In the data below, find the line containing "Woman fishing with" and the line containing "Person holding mobile", then reproduce them and every line between, exactly. Omit pictures.

Short descriptive text snippets:
▼

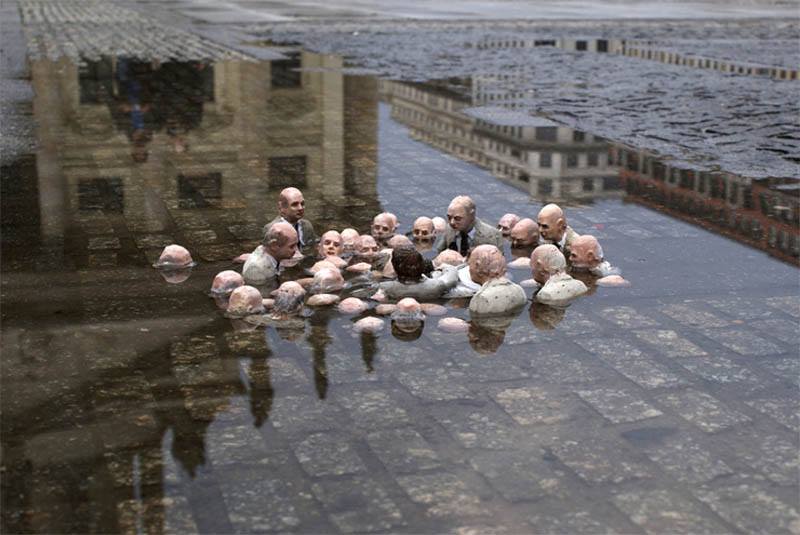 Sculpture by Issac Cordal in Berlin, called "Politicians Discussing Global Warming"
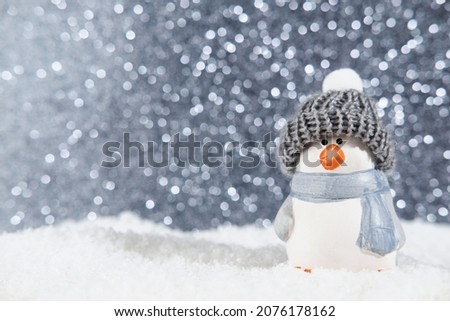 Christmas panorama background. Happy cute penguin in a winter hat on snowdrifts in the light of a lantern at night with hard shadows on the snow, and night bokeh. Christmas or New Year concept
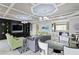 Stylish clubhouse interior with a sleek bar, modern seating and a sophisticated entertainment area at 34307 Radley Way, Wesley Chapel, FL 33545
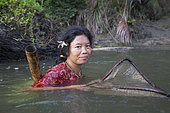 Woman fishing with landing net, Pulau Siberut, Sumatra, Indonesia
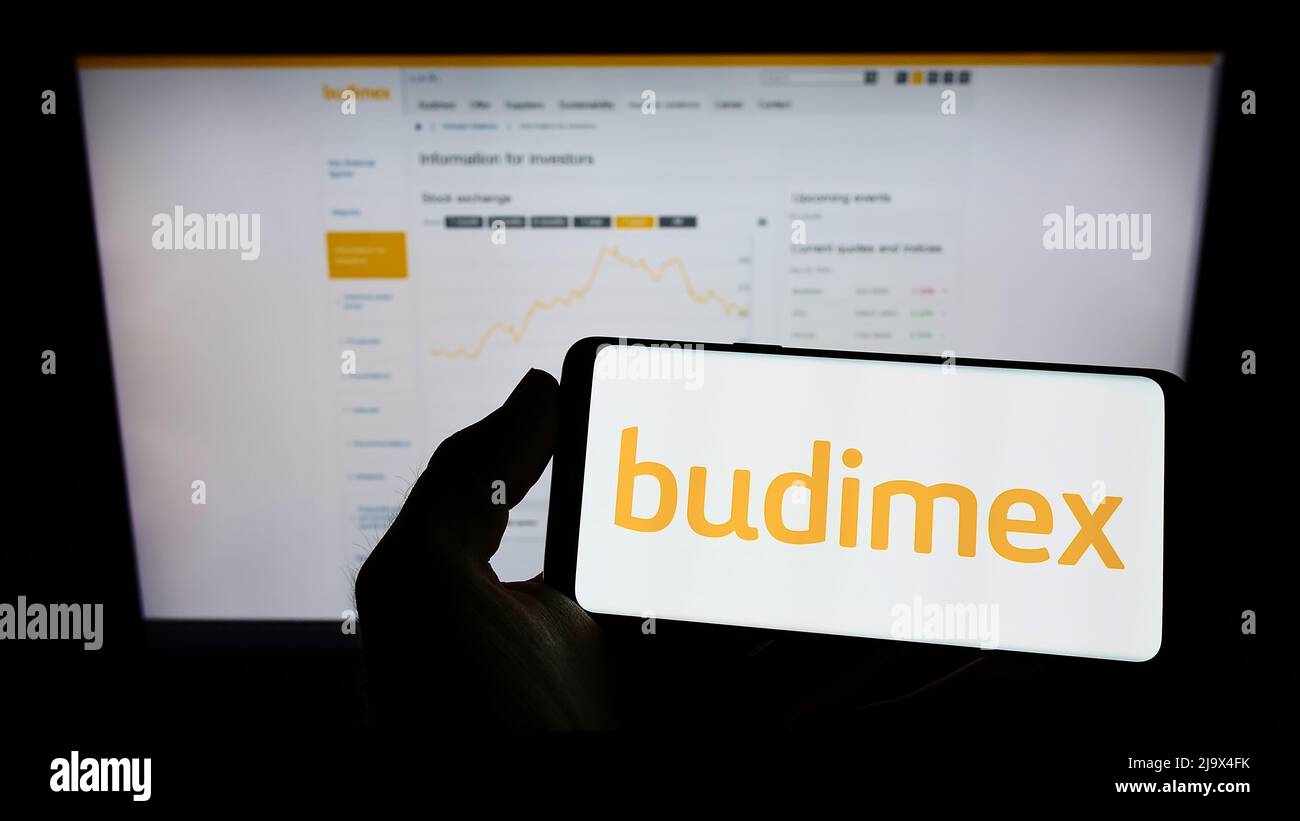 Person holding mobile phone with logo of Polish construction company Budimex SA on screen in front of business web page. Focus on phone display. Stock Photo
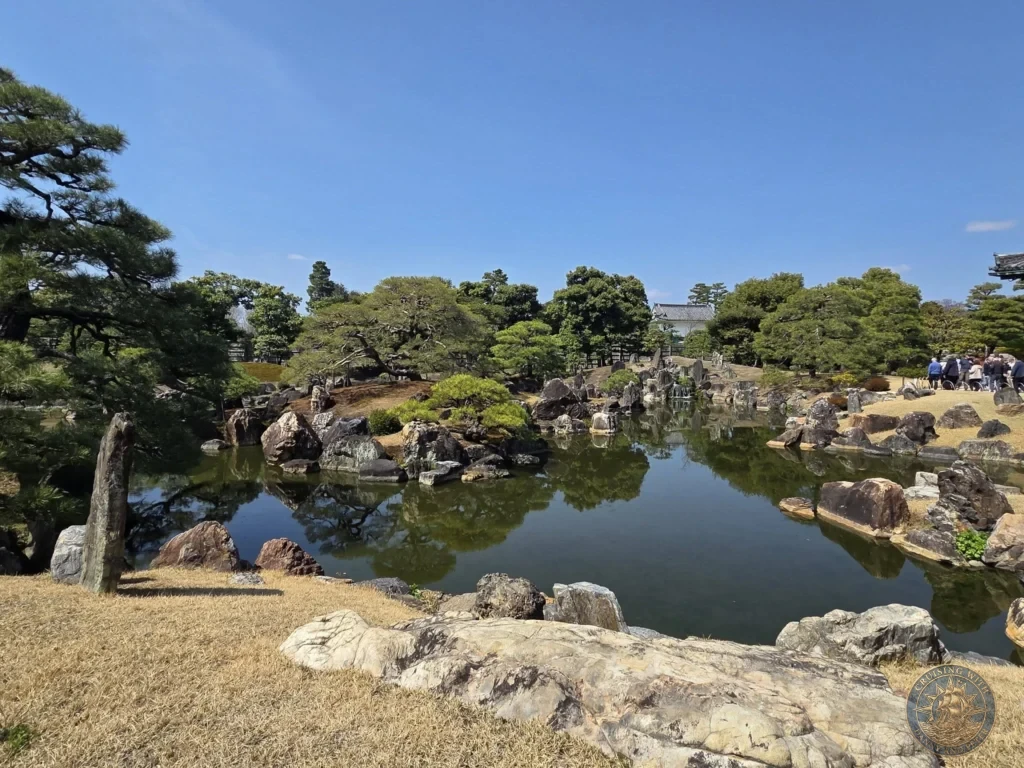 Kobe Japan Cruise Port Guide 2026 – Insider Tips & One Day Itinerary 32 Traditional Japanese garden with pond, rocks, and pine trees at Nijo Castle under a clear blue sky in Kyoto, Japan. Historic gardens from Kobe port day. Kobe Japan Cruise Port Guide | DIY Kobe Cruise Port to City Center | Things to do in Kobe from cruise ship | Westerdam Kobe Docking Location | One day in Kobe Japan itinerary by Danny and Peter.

▲

• _RESULT OF THIS TASK_:
 Woman fishing with landing net, Pulau Siberut, Sumatra, Indonesia
 Person holding mobile phone with logo of Polish construction company Budimex SA on screen in front of business web page. Focus on phone display. Stock Photo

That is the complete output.